American television writer and producer (1955–2019)

Eunetta T. Boone (May 16, 1955 – March 20, 2019) was an American television writer and producer. She was the creator and writer of several television series. At the time of her death, she was serving as the executive producer and showrunner for the third season of the Disney Channel series Raven's Home.

==Life and career==
Boone was born in Washington, D.C., United States. Her parents ensured that she and her sister were raised "culturally enriched". Boone graduated with a degree in journalism from the University of Maryland and a Master of Science in journalism from Columbia University. She was a sports reporter for the evening edition of The Baltimore Sun, the first African-American woman to hold the position at the newspaper.
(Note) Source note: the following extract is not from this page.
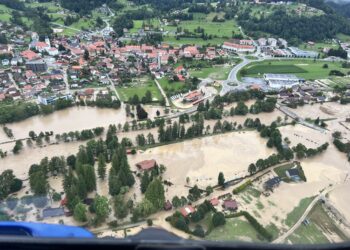 Foto: Facebook / Slovenska policija – The Slovenian police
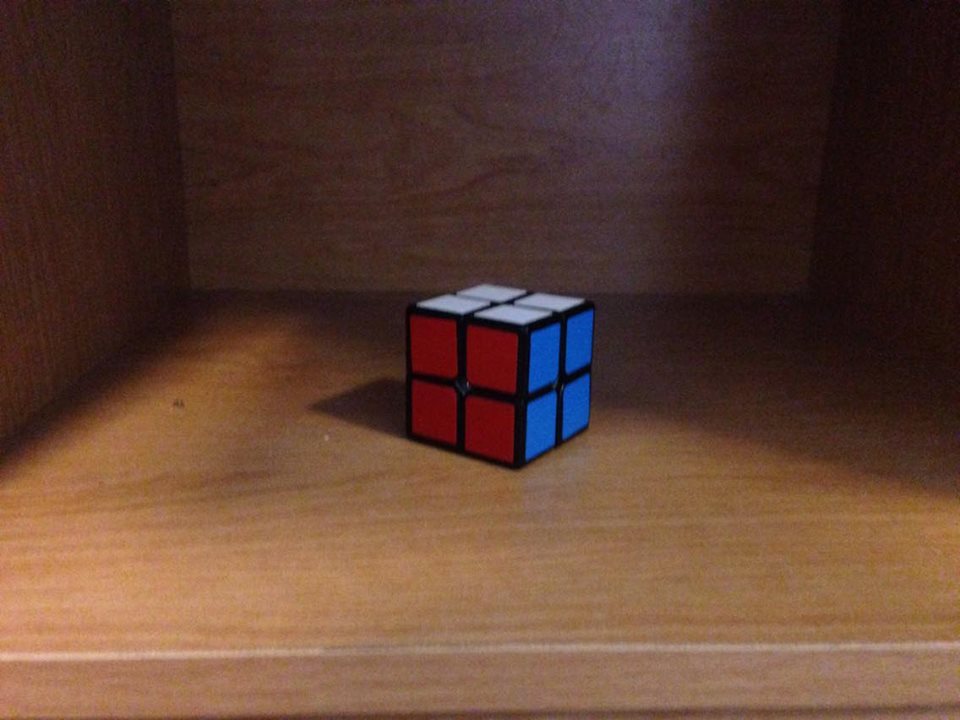 My Rubik's Collection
In 1990, Boone made the career change from sportswriting when she took a screenwriting workshop offered by the Maryland Film Commission. She later took part in a Warner Bros. writing workshop and held jobs as a staff writer on several series, such as The Fresh Prince of Bel-Air, Roc, and The Parent 'Hood. She became an executive producer and concurrently served on two hit shows for 20th Century Fox and Disney's Touchstone Television, The Hughleys and My Wife and Kids. This led to Boone creating her own comedy series, One on One, and its spinoff, Cuts. UPN canceled One on One and Cuts in 2006 due to its merger with The WB, forming The CW.

Boone also wrote a feature film script titled Who Is Doris Payne? As of 2018, the biographical film about jewel thief Doris Payne had remained in development for more than a decade. In 2011, an autobiography of jockey Sylvia Harris co-written by Boone and William H. Boulware was published by Ecco Press.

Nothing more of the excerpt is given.